Children with Down syndrome have risk factors that make speech and language more difficult for them. Speech therapy is essential for most of them, as it manages to maximize their communication skills. Speech therapy (also called speech therapy) is the specialized assessment and treatment of communication, language, and speech difficulties. A good speech therapy program for a child with Down syndrome will:
d) use best practices – methods that have already been used successfully with other children -;
e) educate and include your family, so that the practice becomes part of daily life and is not limited to speech therapy sessions.
The speech therapist possesses the professional knowledge necessary to help the child acquire and perfect their communication skills.

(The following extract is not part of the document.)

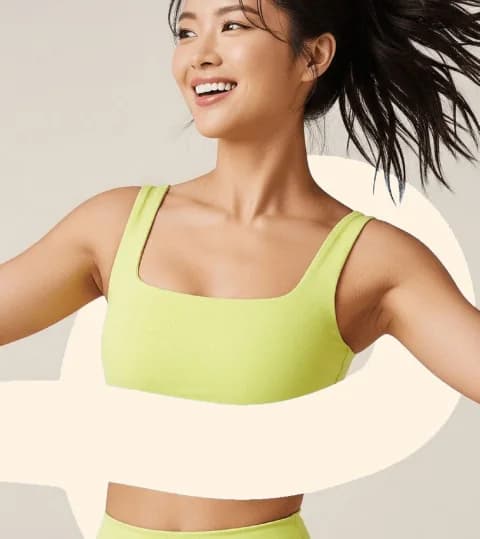 Smiling club member dancing in a lime sports top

However, family (including siblings and other relatives), teachers, special education professionals, occupational and physical therapists, friends, and community members will also need to be involved so that the child’s communication become a success. Language is part of everyday life and has to be practiced and reinforced as part of everyday life. Although the child has to learn the skills in speech therapy sessions, the practice of communication has to continue in real life: This is what matters.
Unfortunately, in most schools parents rarely or never observe speech therapy sessions. They are based on the speech therapist’s reports, which may only come to you once a year.